How often is social media used as a source in news stories? Can a decision-tree algorithm generate tens-of-thousands of 250-word stories? And what is belief-driven data journalism?
Those questions lie at the heart of some of the research projects at the intersection of computational tools and journalism presented last weekend at the 2019 Computation + Journalism Symposium held at the University of Miami and sponsored by the Knight Foundation. Below, we rounded up a few of the projects we found particularly promising.
How to generate 40,000 articles in five minutes
The Swiss media company Tamedia presented their findings from Tobi, a decision-tree algorithm that’s capable of generating tens-of-thousands of articles in minutes. Tobi’s 250-word stories are created using reporter-generated templates. The algorithm was responsible for dragging and dropping in collected data in order to better personalize local content.
What did we learn? Automation in newsrooms can be valuable if you have a long-tail audience, and readers have responded positively to automated content in the past. But who should byline a piece if a reporter and a robot have both worked on it?
Getting to the Core of Algorithmic News Aggregators
Leveraging crowdsourced auditing, researchers at Northwestern University endeavored to get to the bottom of the Apple News trending stories algorithm. The aim of the research was to determine what level of customization the trending stories algorithm supported from user to user by collecting data from Amazon Mechanical Turk and through their own semi-automated data collection system.
What did we learn? While Apple’s handpicked top stories showcase a wide range of news sources, their algorithm chose its stories from a considerably more limited pool. It also skews more heavily toward soft news related to entertainment, sports and celebrities.
Newsroom Textual Analysis and Visualization Tools Built With R Shiny
While word cloud visualizations and similar types of simple tools are widely available on the web, the more sophisticated textual analysis software and code unfortunately remain the domain of experts and users of languages like R and Python.
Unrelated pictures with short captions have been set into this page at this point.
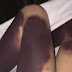 Alerta: Menina acorda com as pernas totalmente roxas sem causa aparente e mãe se desespera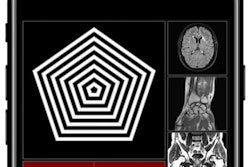 2017 03 20 15 55 38 447 Kspace2 400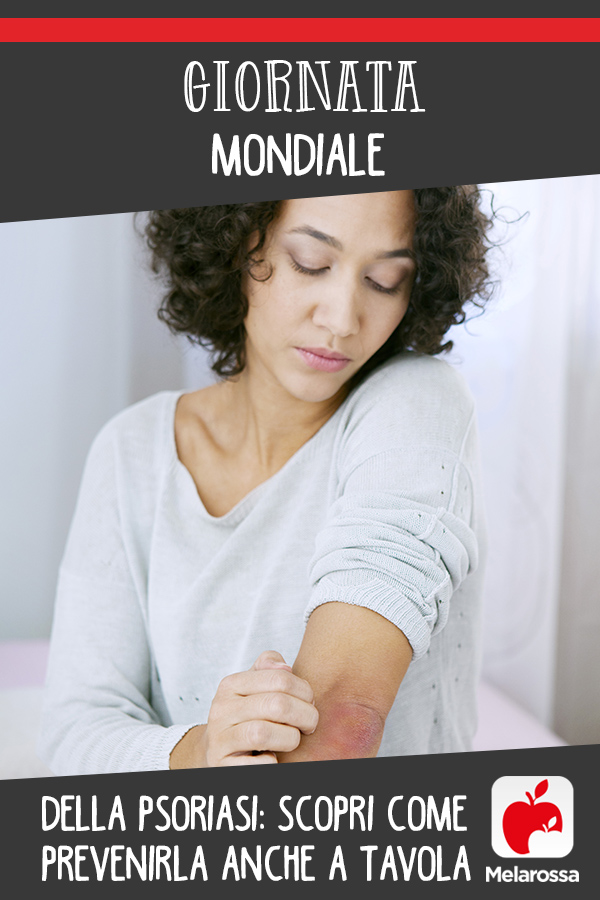 Giornata mondiale della psoriasi: scopri come prevenirla anche a tavola 2 giornata psoriasi 1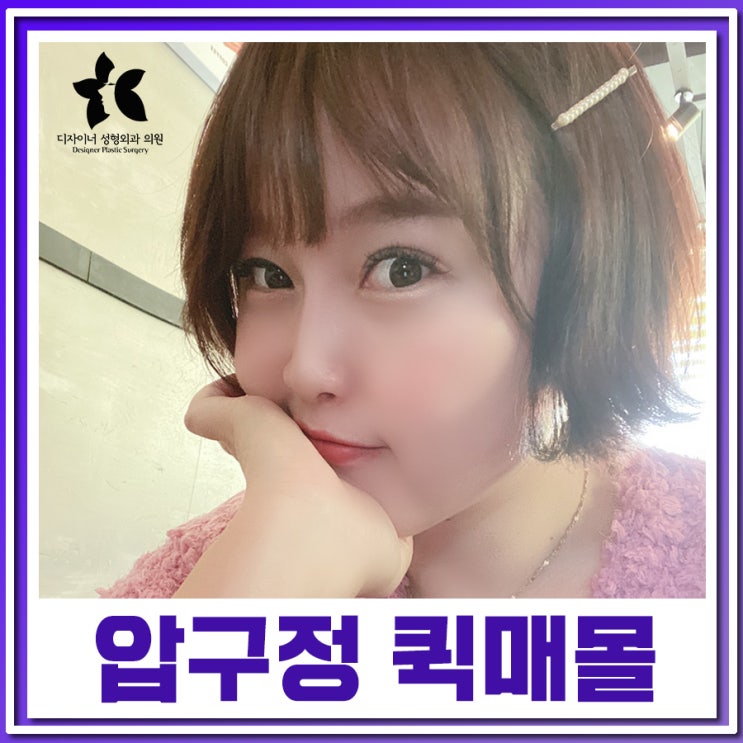  퀵매몰 압구정 쌍수 가격 및 수술 후기 확인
That’s why we at Northeastern University’s School of Journalism decided to develop a suite of apps that allow any user – journalist, researcher, layperson – to drop in a text file or spreadsheet and harness the power of R’s textual and sentiment analysis packages through public-facing R Shiny apps.
What did we learn? Sentiment analysis is frequently misunderstood and these apps provide some transparency into how those scores are calculated. These apps, though still only prototypes, point to the possibility of a broader ecosystem of similar deadline-friendly apps for newsrooms that could provide them with greater analytical power and higher-level insights, specifically around textual and sentiment analysis of political speeches or social media ads, for instance.
The Role of Source and Expressive Responding in Political News Evaluation
Researchers from Cornell University, Cornell Tech and Technion wanted to determine how strongly the source of a news story might affect a reader’s trust in that story. Respondents evaluated multiple headlines from multiple news sources, and were asked whether they believed the headline to be credible.
What did we learn? Based on this admittedly limited pool of respondents, it seemed that subjects were more likely to believe headlines that aligned with their own personal politics, and that the political leanings of a headline impacted credibility more than the source itself did.
Belief-Driven Data Journalism
This study from Northwestern University proposes that belief-driven data journalism results in stronger reader engagement. They looked at four case studies centered around four different news stories, with each representing key data in different ways. Using pre-existing psychological research, they considered how different visualizations might be interpreted by the average reader, and they used that information to inform their development of a tool that generates reader-facing belief-driven visualizations.
What did we learn? Belief-driven data journalism is a ripe area of opportunity. Future research, possibly involving more robust methods of input, such as voice input, will provide more insight into how direct interaction between readers and data might affect the reader’s engagement and beliefs.
A Large-scale Study of Social Media Sources in News Articles
Researchers at the University of Oklahoma and the University of Mississippi examined approximately 60,000 news articles to audit the usage of social media as a source. In a country where tweets from the president often drive news coverage, they were interested in seeing how often these occasionally unreliable sources are cited in stories across a wide range of media outlets.
What did we learn? Social media content in news has doubled in the last five years, and is used more by small outlets than by mainstream outlets. Moreover, Twitter is preferred as a social media source more than Facebook is. Social media content is cited in political news across coverage of all sizes.
Gibby is a student majoring in computer science and journalism at Northeastern University.